The increase in CO2 levels in the atmosphere due to human activities is partly responsible for global warming. By absorbing almost 15% of anthropogenic carbon released every year, the Southern Ocean is one of the main sinks for atmospheric CO2. But its effectiveness is decreasing, even as the level of atmospheric carbon jas continued to increase over the last few years[1]. Until now, the saturation of the carbon sink in the Southern Ocean has not been correctly simulated by the climate models used.  

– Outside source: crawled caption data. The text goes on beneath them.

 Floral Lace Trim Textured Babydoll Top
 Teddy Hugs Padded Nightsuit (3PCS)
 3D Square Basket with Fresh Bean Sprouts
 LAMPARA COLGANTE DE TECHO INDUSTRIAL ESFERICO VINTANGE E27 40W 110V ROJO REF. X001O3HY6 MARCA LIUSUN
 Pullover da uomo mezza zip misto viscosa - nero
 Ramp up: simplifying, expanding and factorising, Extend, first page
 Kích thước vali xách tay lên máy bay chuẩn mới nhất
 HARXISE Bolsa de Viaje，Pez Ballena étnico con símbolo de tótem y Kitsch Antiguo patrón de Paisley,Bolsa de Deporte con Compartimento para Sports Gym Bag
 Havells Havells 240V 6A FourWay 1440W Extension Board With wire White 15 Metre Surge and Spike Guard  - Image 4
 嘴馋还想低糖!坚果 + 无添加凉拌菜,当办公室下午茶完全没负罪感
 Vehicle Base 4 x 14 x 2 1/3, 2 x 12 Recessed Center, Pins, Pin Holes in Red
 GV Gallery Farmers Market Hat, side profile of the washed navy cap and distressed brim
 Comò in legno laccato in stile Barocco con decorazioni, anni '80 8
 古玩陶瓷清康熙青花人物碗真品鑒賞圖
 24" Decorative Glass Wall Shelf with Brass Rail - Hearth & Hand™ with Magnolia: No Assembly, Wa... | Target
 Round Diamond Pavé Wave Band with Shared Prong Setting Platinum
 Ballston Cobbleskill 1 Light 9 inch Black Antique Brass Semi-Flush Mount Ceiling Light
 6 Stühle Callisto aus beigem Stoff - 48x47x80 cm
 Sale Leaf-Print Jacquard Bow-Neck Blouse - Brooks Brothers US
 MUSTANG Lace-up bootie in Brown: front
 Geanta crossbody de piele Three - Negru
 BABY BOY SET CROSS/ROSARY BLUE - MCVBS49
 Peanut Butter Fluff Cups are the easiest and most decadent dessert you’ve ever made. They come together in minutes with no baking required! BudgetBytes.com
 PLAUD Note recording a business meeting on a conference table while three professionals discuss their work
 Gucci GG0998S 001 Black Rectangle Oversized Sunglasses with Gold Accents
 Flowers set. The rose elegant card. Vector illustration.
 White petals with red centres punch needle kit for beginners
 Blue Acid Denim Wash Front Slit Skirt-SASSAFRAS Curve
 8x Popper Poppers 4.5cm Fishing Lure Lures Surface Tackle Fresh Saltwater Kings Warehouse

In order to improve these simulations, a collaborative team of climatologists, modelers and oceanographers was set up. Their objective: to develop a model that more accurately simulates the Southern Ocean's ability to act as a carbon sink. To do this, the researchers based their studies on the IPSL's coupled ocean/atmosphere model, which integrates the carbon cycle (and thus the evolution of greenhouse gases, such as CO₂). The key novel feature of this model is that it takes into account changes in the concentration of stratospheric[2] ozone from 1975 until the present day. As Nicolas Metzl, LOCEAN/IPSL researcher and OISO[3] coordinator, points out: “The simulations obtained with this model more accurately reproduce the oceanic observations obtained in the field over the last few years”. 

 

Above all, this study highlights two major phenomena with regard to the Southern Ocean: a significant reduction in CO2 uptake, which is not compensated in the other oceans, as well as an acceleration in the acidification of high southern latitude oceanic water. Between 1987 and 2004, around 2.3 billion tons of carbon was not taken up by the oceans. This corresponds to a relative reduction of nearly 10% of the global oceanic carbon uptake. The simulations thus reveal how perturbations to the upper atmosphere (in this case, the ozone hole) interact with greenhouse gases and the oceanic carbon cycle: they lead to stronger westerly winds in the Southern Ocean, which in turn lead to surface oceanic water being mixed with deeper water, rich in CO2, thus limiting the absorption of atmospheric carbon by surface water.

 

This is the first time that the impact of the ozone hole on the oceanic carbon cycle has been simulated in a global climate model. These results suggest that the climate models used until now have overestimated oceanic carbon uptake and underestimated ocean acidification. They underline the importance of taking ozone into account in future modeling, particularly by the IPCC, which will make it possible to improve future climate predictions. The Southern Ocean is a region that is particularly sensitive to global warming.  Predicting the consequences of such changes more accurately is fundamental, not just with regard to the global carbon balance (saturation of air-sea fluxes) but also marine resources (impact of acidification).

 

This work was supported by the National LEFE/Cyber/FlamenCO2 (INSU-CNRS) Program and the European CARBOOCEAN Program, which aims to better evaluate and understand oceanic carbon sources and sinks.